Other Individual Notes
· Jaylon Ferguson’s odd saga continued. At Pittsburgh, the Ravens allowed 9.2 yards per play he was on the field (165 yards on 18 plays). The next worst individual figure was 5.9 YPP on Bynes’ snaps. For the season, the Ravens have allowed 563 yards on 43 snaps by Ferguson (13.1 YPP). Despite the poor team results with him in the game, Ferguson played well. He generated 3 individual pressures, held the edge well twice (Q4, 6:05 and OT, 8:16), and drew a holding flag from RT Matt Feiler (Q4, 10:54). That’s a fine set of contributions for 18 snaps.
· Anthony Levine returned to the site of not only his best career game (2018, week 4), but also the best game ever by a Ravens dime. He had a contribution to 2 drive-ending plays in the 4th quarter on Sunday. He drew a holding call on Ramon Foster as a pass rusher, which was declined (Q4, 7:37). He took down Samuels for a loss of 2 to deny 3rd and 5 (Q4, 3:27).
Honorable mentions to Ferguson and Thomas.
Cannot the reasoning for Ferguson’s major YPP simply be the studying of his failure to generate explosive pressure, that with him in the game you simply dial up longer developing routes/plays with more upside.
Ferguson is as a player very much straight forward, right? In the sense of repertoire that beats a tackle by power rather than technique, thus his pressure simply takes longer to generate – and offenses knows this.(?)
Thank you Ken!
Some of the problems were Ferguson failing to generate pressure or hold the edge in his first couple of games. He made a good set of contributions vs the Steelers, but his YPP remained high.
It’s an interesting point you make that the offense knowing he may not be able to generate effective pressure may actually allow for some big plays.
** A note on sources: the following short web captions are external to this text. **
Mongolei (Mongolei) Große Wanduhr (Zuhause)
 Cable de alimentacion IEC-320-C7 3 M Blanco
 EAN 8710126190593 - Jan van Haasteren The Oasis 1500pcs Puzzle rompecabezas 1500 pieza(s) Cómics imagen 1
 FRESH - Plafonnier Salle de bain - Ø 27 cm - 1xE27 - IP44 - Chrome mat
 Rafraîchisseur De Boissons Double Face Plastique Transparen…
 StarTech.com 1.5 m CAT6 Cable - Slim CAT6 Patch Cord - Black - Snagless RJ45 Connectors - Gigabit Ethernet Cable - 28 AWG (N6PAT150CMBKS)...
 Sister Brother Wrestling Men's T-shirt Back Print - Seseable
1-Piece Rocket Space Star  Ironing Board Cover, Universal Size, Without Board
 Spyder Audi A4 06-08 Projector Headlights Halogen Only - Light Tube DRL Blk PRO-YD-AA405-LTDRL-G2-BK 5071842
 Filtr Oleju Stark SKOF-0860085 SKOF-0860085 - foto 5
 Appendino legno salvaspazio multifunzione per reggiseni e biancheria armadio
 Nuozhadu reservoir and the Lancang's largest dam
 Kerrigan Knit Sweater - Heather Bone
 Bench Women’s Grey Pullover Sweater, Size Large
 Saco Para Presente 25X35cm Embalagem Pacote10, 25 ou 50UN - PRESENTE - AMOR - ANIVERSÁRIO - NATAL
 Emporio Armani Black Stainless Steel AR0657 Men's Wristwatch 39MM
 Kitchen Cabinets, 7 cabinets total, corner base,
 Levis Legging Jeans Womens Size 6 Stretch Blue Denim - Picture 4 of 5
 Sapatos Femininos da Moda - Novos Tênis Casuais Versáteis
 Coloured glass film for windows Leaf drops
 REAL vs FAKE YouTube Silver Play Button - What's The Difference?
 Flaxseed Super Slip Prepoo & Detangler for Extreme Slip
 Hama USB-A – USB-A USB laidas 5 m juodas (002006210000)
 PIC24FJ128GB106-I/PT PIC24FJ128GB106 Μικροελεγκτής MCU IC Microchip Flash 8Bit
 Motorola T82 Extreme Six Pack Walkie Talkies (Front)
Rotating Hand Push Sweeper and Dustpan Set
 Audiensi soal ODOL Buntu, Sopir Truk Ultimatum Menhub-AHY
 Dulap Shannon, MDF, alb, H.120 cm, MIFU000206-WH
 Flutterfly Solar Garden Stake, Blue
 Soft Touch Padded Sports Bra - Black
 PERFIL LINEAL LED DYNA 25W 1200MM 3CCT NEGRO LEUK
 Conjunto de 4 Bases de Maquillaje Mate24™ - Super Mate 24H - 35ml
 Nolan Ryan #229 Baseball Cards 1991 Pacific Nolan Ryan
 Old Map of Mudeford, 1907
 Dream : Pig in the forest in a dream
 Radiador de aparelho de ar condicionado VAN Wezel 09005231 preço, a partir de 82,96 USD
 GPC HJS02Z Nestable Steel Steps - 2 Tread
I am wondering about Canady’s success now and your comment about how lucky we got he wasn’t picked up by another team while on the PS. Thinking back to the pre-season, the line of thinking I kept hearing was that Canady needed to be significantly better than Averett (SP?) to avoid being a casualty of the a numbers game. What is Canady showing us now that wasn’t seen before? Or did Averett regress or fool the front office? An how much of this was just not paid attention to b/c we were counting on Smith and Young being there?
Keep up the good work!
You recall my line of reasoning exactly.
Canady has played well above expectation while Averett has struggled. That, coupled with the injury to Jimmy Smith has made Canady invaluable.